The turmoil in McBain’s brain was something beyond even his own understanding, for the feelings of revulsion, anger and disappointment were so deep, so desolate that they combined to a torture, and when he looked back he knew that for a space of time his brain had been turned, and that, like any madman, he might have committed a crime, except that Molly had torn his hands from his wife’s neck, then had dragged him into the dressing room, pleading with him while she repeated just one word, ‘Master! Master!’
Not until she had managed to thrust him down into the chair, saying, ‘Stay, stay, Master, for God’s sake, while I get Winnie,’ did a little of his sanity return, and he checked her with his hand gripping her arm. Then he wiped the sweat from his face while he gulped air into his lungs, and he continued to hold her un
til he had the power to speak, when he said, ‘Take . . . take it out and bury it.’
‘MASTER!’
‘Do as I bid you.’
‘B . . . but, Master.’
‘Go on, do what I say. And quickly.’
She backed from him and slowly went into the bedroom, and as if approaching a lion’s cage she went towards the bed. And there she separated the mother and child. The cutting of the umbilical cord was not new to her, she had helped her mother on several occasions. And she knew what to do with a newborn child; if it didn’t yell straight away you took it by the legs and held it upside down.
Frantically she looked about her for something to put round the child. Her eyes alighting on the mistress’s cashmere shawl, she grabbed it and put it over the infant, then rolled it on to its face so that she could lift it up without touching it.
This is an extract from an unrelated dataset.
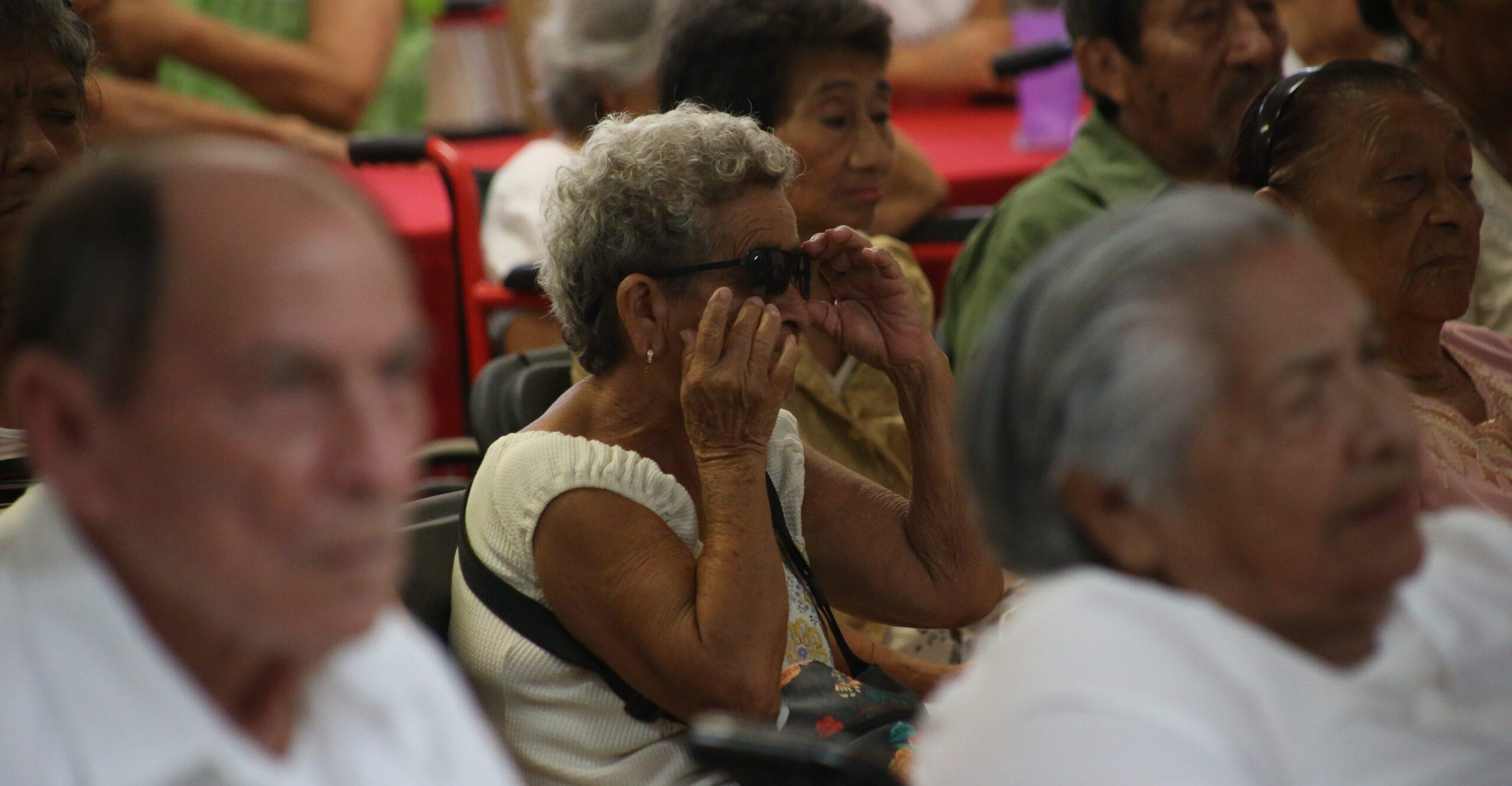 Seguridad, salud y trabajo, los derechos que más violan autoridades contra personas mayores en México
As she straightened her back it gave a thin cry, and at this her eyes and mouth sprang wide and her terrified glance went towards the dressing-room door, then returned to the wrinkled face peeping out from the fold of the shawl, and she muttered, ‘Oh, God Almighty!’ Placing the child on the day couch at the foot of the bed, she ran into the dressing room and, standing before McBain, she spluttered, ‘I, I can’t. I c . . . can’t Master, ’tis alive, breathin’.’
McBain had been sitting with his head deep on his chest, almost as if he was asleep; and now his whole body jerked upwards and he grasped her again, by both arms this time, and slowly he said, ‘Listen to me, girl. It’s for the best. You have seen it; imagine if it were allowed to live. Each time I looked on it I would see it as God’s hand on me in retribution . . . you understand?’ He stared into her red sweating face. He knew she was a simple girl and here he was asking her to understand something he was only dimly comprehending himself. It was all bound up with the saying that God is not mocked. Delia had been right, but he felt the retribution wasn’t because he had lusted with this young girl so much as that he had done it while praising God. Jesus Christ’s one abhorrence was a hypocrite, and the thing in there was God’s answer to hypocrisy . . . and in this moment he hated God for it.